The transformation of the English capital from a provincial backwater to a cosmopolitan dynamo, courtesy of urban merchants who spearheaded global trade, exploration, and colonization.
Alford (Early Modern British History/Univ. of Leeds; Edward VI: The Last Boy King, 2014, etc.) makes expert use of individual lives to bring London’s various stages to life. Thomas Wyndout, who died in 1500, inhabited a stable, Catholic, late-medieval world of time-honored rituals and work lives ordered by the rules of trade guilds. Richard Gresham built his fortune through trade with Antwerp, the mercantile and financial center of Europe, then parlayed carefully cultivated connections with powerful royal officials to ascend to lord mayor of London in 1537. His son Thomas saw that London’s merchants could expand English trade beyond Europe and rival Antwerp as lender to the crown. In 1553, explorers searching for Cathay wound up in Russia instead, and the resultant Muscovy Company, whose charter members worked hand in glove with the queen’s government, made manifest “the interplay of money and political power” that shaped London’s growth.

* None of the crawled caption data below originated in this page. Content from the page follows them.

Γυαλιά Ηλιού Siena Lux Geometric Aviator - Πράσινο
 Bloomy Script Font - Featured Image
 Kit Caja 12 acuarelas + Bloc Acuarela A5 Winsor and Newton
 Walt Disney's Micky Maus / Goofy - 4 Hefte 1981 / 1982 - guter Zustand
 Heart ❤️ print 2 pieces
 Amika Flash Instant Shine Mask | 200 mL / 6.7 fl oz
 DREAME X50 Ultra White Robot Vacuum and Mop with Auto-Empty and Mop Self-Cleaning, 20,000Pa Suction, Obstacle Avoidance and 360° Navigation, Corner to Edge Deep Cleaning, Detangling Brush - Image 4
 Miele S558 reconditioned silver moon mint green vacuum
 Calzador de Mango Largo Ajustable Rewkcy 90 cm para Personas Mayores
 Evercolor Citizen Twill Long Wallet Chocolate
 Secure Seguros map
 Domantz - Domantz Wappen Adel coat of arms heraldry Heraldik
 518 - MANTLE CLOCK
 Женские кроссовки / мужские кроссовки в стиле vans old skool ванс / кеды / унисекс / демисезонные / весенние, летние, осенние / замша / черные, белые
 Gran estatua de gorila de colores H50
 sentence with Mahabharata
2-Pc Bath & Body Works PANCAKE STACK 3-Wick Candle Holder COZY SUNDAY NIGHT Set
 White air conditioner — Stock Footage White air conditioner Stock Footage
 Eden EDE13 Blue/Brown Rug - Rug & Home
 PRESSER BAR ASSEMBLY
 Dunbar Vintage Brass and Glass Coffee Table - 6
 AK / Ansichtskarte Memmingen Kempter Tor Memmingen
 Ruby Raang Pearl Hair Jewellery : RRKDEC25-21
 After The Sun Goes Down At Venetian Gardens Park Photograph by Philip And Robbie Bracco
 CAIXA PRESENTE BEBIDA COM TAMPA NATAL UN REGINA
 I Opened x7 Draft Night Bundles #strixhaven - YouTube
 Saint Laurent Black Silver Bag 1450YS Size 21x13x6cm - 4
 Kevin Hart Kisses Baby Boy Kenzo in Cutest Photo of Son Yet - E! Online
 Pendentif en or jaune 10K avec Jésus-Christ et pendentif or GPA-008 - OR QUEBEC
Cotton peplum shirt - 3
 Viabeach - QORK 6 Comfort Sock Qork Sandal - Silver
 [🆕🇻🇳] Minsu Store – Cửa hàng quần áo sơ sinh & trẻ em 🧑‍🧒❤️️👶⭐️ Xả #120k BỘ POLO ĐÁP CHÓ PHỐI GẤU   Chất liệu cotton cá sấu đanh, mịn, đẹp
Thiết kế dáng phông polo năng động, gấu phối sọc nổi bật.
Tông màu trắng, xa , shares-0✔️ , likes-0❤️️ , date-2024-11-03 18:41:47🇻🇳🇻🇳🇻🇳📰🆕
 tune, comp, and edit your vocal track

Striving immigrants also played an instrumental role, as can be seen in the odysseys of Dutch expatriate Cornelis Spierincks, a Calvinist who, like many others on the continent, sought refuge from Catholic persecution in now-Protestant England, and his son, who moved out from an émigré community to become a true Londoner. These and many other stories bring the past to life in warmly human terms, as do Alford’s evocative descriptions of the city’s changing landscape and architecture. By 1600, when Richard Hakluyt’s magisterial Principal navigations was completed, London’s mercantile elite were confident and expansive enough to contemplate not just trading with the Americas, but colonizing them; the Virginia Company of London sent 295 settlers across the ocean in 1606. “The worlds that Londoners inhabited and imagined,” writes the author, “were [now] simply far larger and more complex.”
Solid scholarly history written with an accessible verve that will appeal to general readers.